Re: [xsl] trouble with preceding:: and parsing xhtml
2009-10-04 03:23:15
I solved my last issue. When I was initially performing this transformation
with command line tools, I forgot that I was cleaning the original HTML
by not only running "HtmlCleaner", but also using "sed" to rename all attribute
named "id" because there were multiple occurances with the same value,
which of course, is particularly not allowed with the "id" attribute,
since it has special value-uniqueness enforcement by parsers.
So after I added:
Object[] fieldNodes =
result.evaluateXPath("//*[(_at_)id='field']");
for (Object node : fieldNodes) {
if (node instanceof TagNode) {
//System.out.println(((TagNode)node).getName());
((TagNode)node).removeAttribute("id");
((TagNode)node).addAttribute("tid", "field");
}
}
It worked as in the command line tools - both xalan and saxon.
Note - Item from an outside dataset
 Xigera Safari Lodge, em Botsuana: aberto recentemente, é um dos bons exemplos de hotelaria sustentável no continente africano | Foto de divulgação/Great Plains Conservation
Although,
as mentioned in the last email, in order to use saxon, I have to use xerces
as the parser.
-Chris
Chris Wolf wrote:
Unfortunately, after I moved the application to Java (xalan, whatever is
baked in
jdk-1.5.x) it still renders *some* nodes with
preceding::div[(_at_)tid='field'][1]
with the value of the first node, so with those, I tried flipping it by
replacing
"[1]" with "[last()]" again, but that hack only worked for some nodes.
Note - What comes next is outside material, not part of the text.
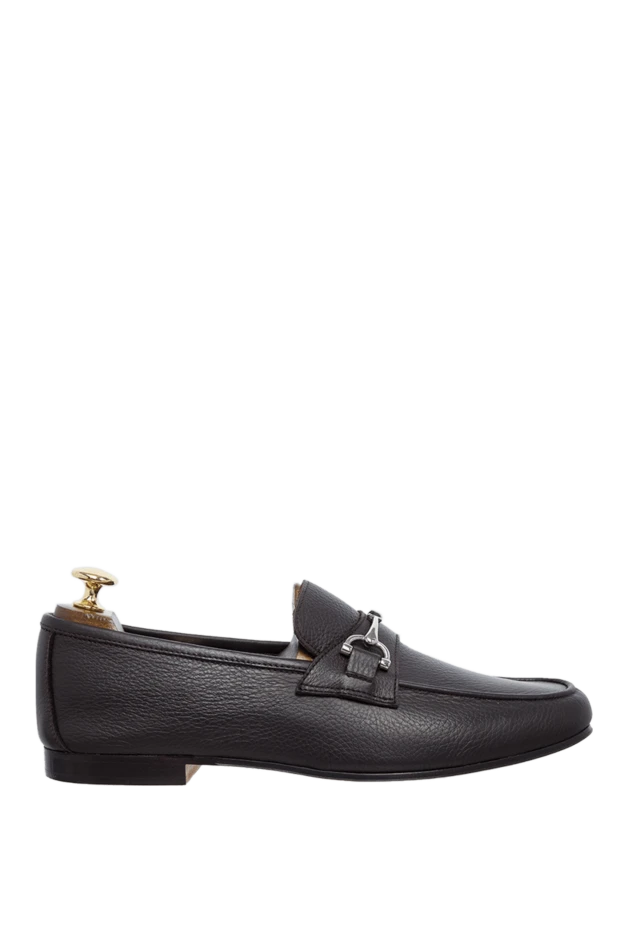 Andrea Ventura man black leather loafers for men 160392 - photo 1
Other then programmtically, the stylesheet works perfectly fine with
"xsltproc" (MacOS/Linux) and "msxsl" on Windoze.
I also tried your Saxon-6.5.5 which works fine from the command line,
i.e. java -jar /opt/saxon-6.5.5/saxon.jar af.xhtml fbdata.xsl
...works. Unfortunately, I get the same weird results when I replace
the default "javax.xml.transform.TransformerFactory" impl with
"com.icl.saxon.TransformerFactoryImpl".
Actually - saxon won't even read the xsl file unless I override and revert
the parser back to the built-in jdk (xerces) parser. Unless, I do that,
I get:
at com.icl.saxon.PreparedStyleSheet.prepare(PreparedStyleSheet.java:121)
at
com.icl.saxon.TransformerFactoryImpl.newTemplates(TransformerFactoryImpl.java:120)
at
com.icl.saxon.TransformerFactoryImpl.newTransformer(TransformerFactoryImpl.java:72)
at com.starclass.ciafb.parser.FbParser.main(FbParser.java:49)
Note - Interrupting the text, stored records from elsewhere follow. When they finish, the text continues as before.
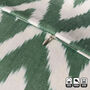 Green Zig Zag Hand Woven Ikat Cushion Cover, thumbnail 2 of 10
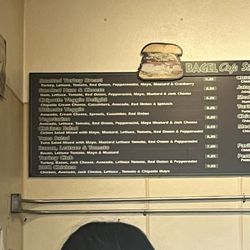 Bagel Cafe & Bakery - Menu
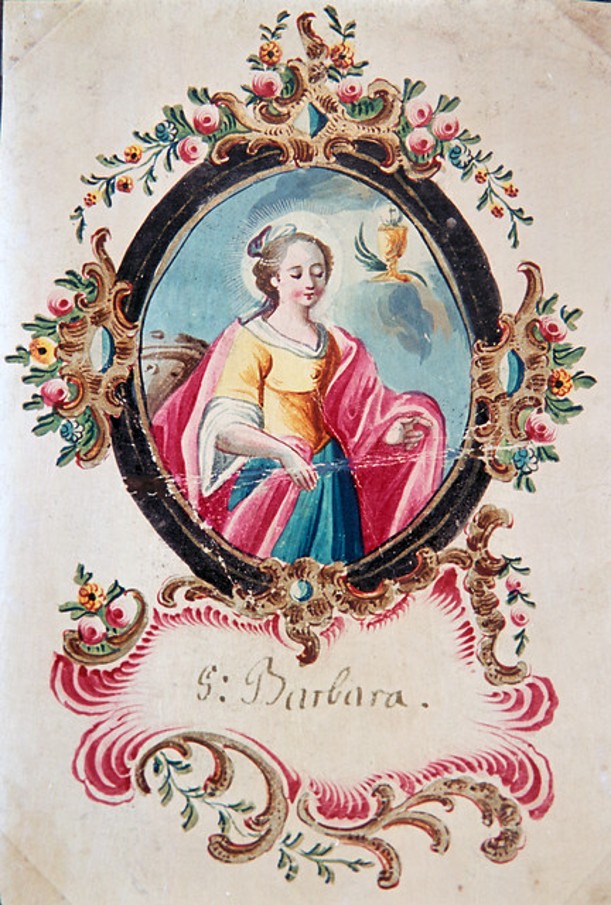 Bunte Zeichnung der Heiligen Barbara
Caused by: java.io.EOFException: no more input
at com.icl.saxon.aelfred.XmlParser.popInput(XmlParser.java:4083)
at com.icl.saxon.aelfred.XmlParser.pushURL(XmlParser.java:3620)
at com.icl.saxon.aelfred.XmlParser.doParse(XmlParser.java:159)
at com.icl.saxon.aelfred.SAXDriver.parse(SAXDriver.java:320)
at com.icl.saxon.om.Builder.build(Builder.java:265)
at com.icl.saxon.PreparedStyleSheet.prepare(PreparedStyleSheet.java:111)
... 3 more
---------
java.io.EOFException: no more input
at com.icl.saxon.aelfred.XmlParser.popInput(XmlParser.java:4083)
at com.icl.saxon.aelfred.XmlParser.pushURL(XmlParser.java:3620)
at com.icl.saxon.aelfred.XmlParser.doParse(XmlParser.java:159)
at com.icl.saxon.aelfred.SAXDriver.parse(SAXDriver.java:320)
at com.icl.saxon.om.Builder.build(Builder.java:265)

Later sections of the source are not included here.